In December 2007, we entered into a Securities Purchase Agreement (SPA) with Platinum Montaur Life Sciences, LLC (Montaur), pursuant to which we issued Montaur a 10% Series A Convertible Senior Secured Promissory Note in the principal amount of $7,000,000, $3.5 million of which was convertible into shares of our common stock at the conversion price of $0.26 per share, due December 26, 2011 (the Series A Note); and a five-year Series W warrant to purchase 6,000,000 shares of our common stock at an exercise price of $0.32 per share.
As a condition of the SPA, Montaur required that the term of the $1.0 million Bupp Note be extended approximately 42 months or until at least one day following the maturity date of the Series A Note. In consideration for the Bupp Investors’ agreement to extend the term of the Bupp Note, we agreed to provide security for the obligations evidenced by the amended Bupp Note (the Amended Bupp Note), under the terms of a Security Agreement, dated December 26, 2007, by and between the Company and the Bupp Investors (the Bupp Security Agreement). As further consideration for extending the term of the Bupp Note, we issued the Bupp Investors additional Series V warrants to purchase 500,000 shares of our common stock at an exercise price of $0.32 per share, expiring in December 2012.
In April 2008, following achievement of a funding milestone set in the SPA, we amended the SPA related to the second tranche and issued Montaur a 10% Series B Convertible Senior Secured Promissory Note in the principal amount of $3,000,000, which was convertible into shares of our common stock at the conversion price of $0.36 per share, also due December 26, 2011 (the Series B Note, and hereinafter referred to collectively with the Series A Note as the Montaur Notes); and a five-year Series X warrant to purchase 8,333,333 shares of our common stock at an exercise price of $0.46 per share.
In December 2008, after achievement of a further funding milestone set in the SPA, we issued Montaur 3,000 shares of our 8% Series A Cumulative Convertible Preferred Stock (the Series A Preferred Stock) and a five-year Series Y warrant to purchase 6,000,000 shares of our common stock at an exercise price of $0.575 per share (hereinafter referred to collectively with the Series W warrant and Series X warrant as the Montaur Warrants), for an aggregate purchase price of $3,000,000. The liquidation preference of the Series A Preferred Stock was $1,000 and the conversion price was set at $0.50, thereby making the shares of Series A Preferred Stock convertible into an aggregate 6,000,000 shares of our common stock, subject to certain adjustments as described in the certificate of designations.
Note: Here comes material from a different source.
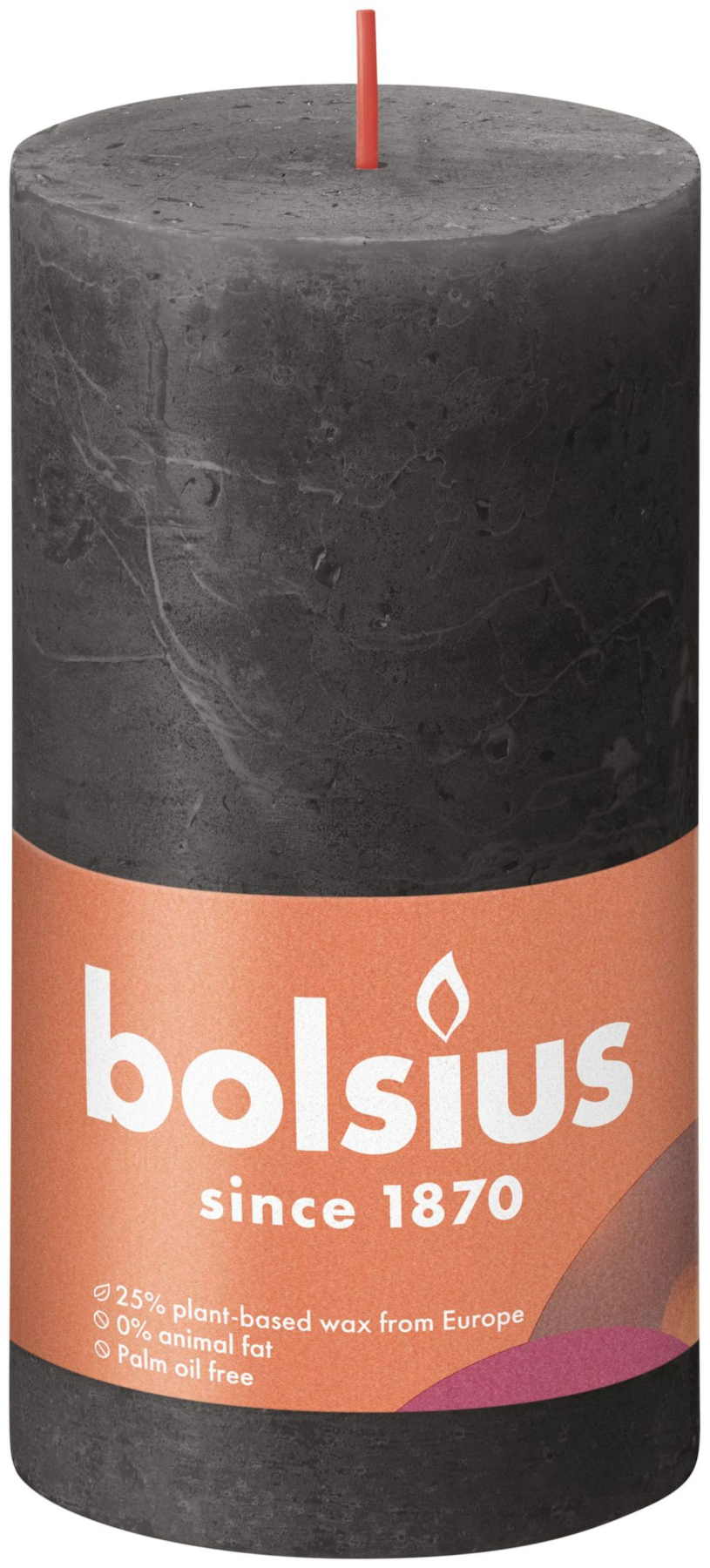 Bolsius rustiek stompkaars 130 68 - stormy grey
In July 2009, we entered into a Securities Amendment and Exchange Agreement with Montaur, pursuant to which Montaur agreed to the amendment and restatement of the terms of the Montaur Notes, the Series A Preferred Stock, and the Montaur Warrants. The Series A Note was amended to grant Montaur conversion rights with respect to the $3.5 million portion of the Series A Note that was previously not convertible. The newly convertible portion of the Series A Note was convertible into 3,600,000 shares of our common stock at $0.9722 per share. The amendments also eliminated certain price reset features of the Montaur Notes, the Series A Preferred Stock and the Montaur Warrants that had created significant non-cash derivative liabilities on the Company’s balance sheet. In conjunction with this transaction, we issued Montaur a Series AA Warrant to purchase 2.4 million shares of our common stock at an exercise price of $0.97 per share, expiring in July 2014. The change in terms of the Montaur Notes, the Series A Preferred Stock and the Montaur Warrants were treated as an extinguishment of debt for accounting purposes. Following the extinguishment, the Company’s balance sheet reflected the face value of the $10 million due to Montaur pursuant to the Montaur Notes, which approximated fair value at the date of the extinguishment.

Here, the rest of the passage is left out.